An R package for reading environmental data from raw formats into data.frames.
This is project was initiated at the inaugural IMCR Hackathon hosted by the Environmental Data Institute. The end product of this effort will be an R package on CRAN. The package will primarily deal with reading data from files, though there will be some utilities for initial cleanup of files such as removing blank rows and columns at the end of a CSV file. Our work at the hackathon focused on package infrastructure, standardization, and template construction.
The guiding principles of ingestr are that
You can install ingestr from github with:
# install.packages("devtools")
devtools::install_github("jpshanno/ingestr")
# or from source
ingestr_source <- file.path(tempdir(), "ingestr-master.zip")
download.file("https://github.com/jpshanno/ingestr/archive/master.zip",
ingestr_source)
unzip(ingestr_source,
exdir = dirname(ingestr_source))
install.packages(sub(".zip$", "", ingestr_source),
repos = NULL,
type = "source")
Each ingestr function to read in data starts with ingest_
to make autocomplete easier. We are targetting any source of environmental data that returns data in a standard format: native sensor files, delimited outputs, HTML tables, PDF tables, Excel sheets, API returns, …
Running any ingest function will read in the data and format the data into a clean R data.frame. Column names are taken directly from the data file, and users have the option to read the header information into a temporary file that can then be loaded using ingest_header()
.
All data and header data that are read in will have the data source appended to the data as a column called input_source.

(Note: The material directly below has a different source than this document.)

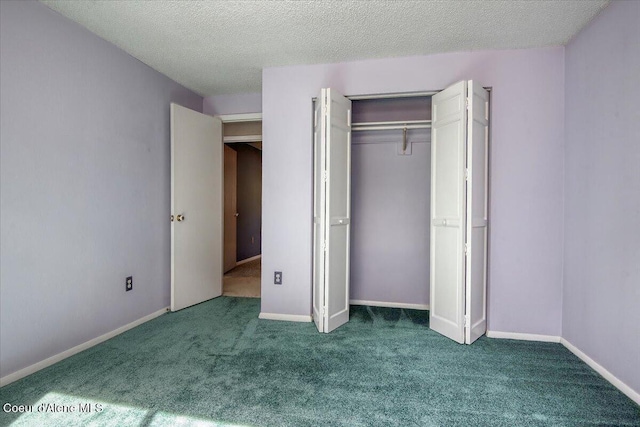 unfurnished bedroom with carpet, a closet, and a textured ceiling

Many sensors provide their output as delimited files with header information contained above the recorded data.
campbell_file <-
system.file("example_data",
"campbell_scientific_tao5.dat",
package = "ingestr")
campbell_data <-
ingest_campbell(input.source = campbell_file,
export.header = TRUE,
add.units = TRUE,
add.measurements = TRUE)
str(campbell_data)
campbell_header <-
ingest_header(input.source = campbell_file)
str(campbell_header)
Some environmental data is published online as html elements. This data can be difficult to read directly from the websites where they are hosted into R. To facilitate access, we have created functions that parse the html so that this data can be directly downloaded in R. To track the provenance of these data, the column input_source is populated by the URL location from which the data were downloaded.
PDO_data <-
ingest_PDO(input.source = "http://jisao.washington.edu/pdo/PDO.latest",
end.year = NULL,
export.header = TRUE)
#> Header info for http://jisao.washington.edu/pdo/PDO.latest has been saved to a temporary file. Run ingest_header('http://jisao.washington.edu/pdo/PDO.latest') to load the header data.
str(PDO_data)
#> 'data.frame': 121 obs. of 14 variables:
#> $ YEAR : chr "1901" "1902" "1903" "1904" ...
#> $ JAN : chr "0.79" "0.82" "0.86" "0.63" ...

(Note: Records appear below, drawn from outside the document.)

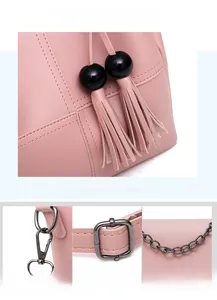 Detailed view of pink PU leather handbag featuring wooden beads and tassel decorations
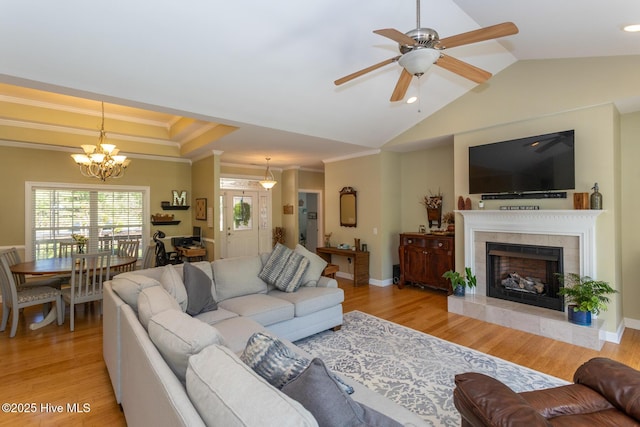 95 Glen Cove Ln, West End, NC 27376 - living area with ornamental molding, a ceiling fan, vaulted ceiling, a tiled fireplace, and a chandelier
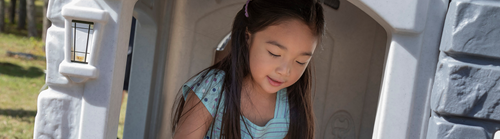 Preschool girl in playhouse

#> $ FEB : chr "-0.12" "1.58" "-0.24" "-0.91" ...
#> $ MAR : chr "0.35" "0.48" "-0.22" "-0.71" ...
#> $ APR : chr "0.61" "1.37" "-0.50" "-0.07" ...
#> $ MAY : chr "-0.42" "1.09" "0.43" "-0.22" ...
#> $ JUN : chr "-0.05" "0.52" "0.23" "-1.53" ...
#> $ JUL : chr "-0.60" "1.58" "0.40" "-1.58" ...
#> $ AUG : chr "-1.20" "1.57" "1.01" "-0.64" ...
#> $ SEP : chr "-0.33" "0.44" "-0.24" "0.06" ...
#> $ OCT : chr "0.16" "0.70" "0.18" "0.43" ...
#> $ NOV : chr "-0.60" "0.16" "0.08" "1.45" ...
#> $ DEC : chr "-0.14" "-1.10" "-0.03" "0.06" ...
#> $ input_source: chr "http://jisao.washington.edu/pdo/PDO.latest" "http://jisao.washington.edu/pdo/PDO.latest" "http://jisao.washington.edu/pdo/PDO.latest" "http://jisao.washington.edu/pdo/PDO.latest" ...
PDO_header <-
ingest_header(input.source = "http://jisao.washington.edu/pdo/PDO.latest")
#> Header data was loaded from cached results created when http://jisao.washington.edu/pdo/PDO.latest was ingested previously in this R session.
str(PDO_header)
#> 'data.frame': 1 obs. of 2 variables:
#> $ header_text : chr "PDO INDEX If the columns of the table appear without formatting on your browser, use http://research.jisao.wash"| __truncated__
#> $ input_source: chr "http://jisao.washington.edu/pdo/PDO.latest"
Sensor data stored in folders is available for batch import using ingest_
functions, or any other function that reads in data (i.e. read.csv
, readr::read_csv
. When a directory is read in file names are checked for duplicates, and imported data is checked for duplicate file contents. The user is warned and can choose to suppress the warning or remove the duplicates. Parallel bath processing is supported for large batch processing (requires the parallel package.
Filenames generally include information about the data collected: site, sensor, measurement type, date collected, etc. We are working on a generalized approach (probably just a function or two) that would split the filename into data columns using a template would be very useful.
For example if a set of file names read as “site-variable-year” (152-soil_moisture-2017.csv, 152-soil_temperature-2017.csv, 140-soil_moisture_2017.csv, etc), then the function would take an argument supplying the template as column headers: “site-variable-year” with either delimiters or the length of each variable to enable splitting. These functions will likely build off of the great work done on tidyr::separate()
and we suggest using that until we have incorporated a solution.
Basic data cleaning utilities will be included in ingestr. These will include identifying duplicate rows, empty rows, empty columns, and columns that contain suspicious entries (i.e. “.”). These utilities will be able to flag or correct the problems depending upon user preference. In keeping with our commitment to data provenance and reproduciblity all cleaning utilities will provide a record of identified and corrected issues which can be saved by the user and stored with the final dataset.
While ingestr is focused on getting data into R and running preliminary checks, another group at the IMCR Hackathon focused on quality assurance checks for environmental data. qaqcr provides a simple, standard way to apply the quality control checks that are applicable to your data.
The packages are the start of a larger ecosystem including EMLassemblyline for environmental data management to create a convenient, reproducible workflow moving from raw data to archived datasets with rich EML metadata.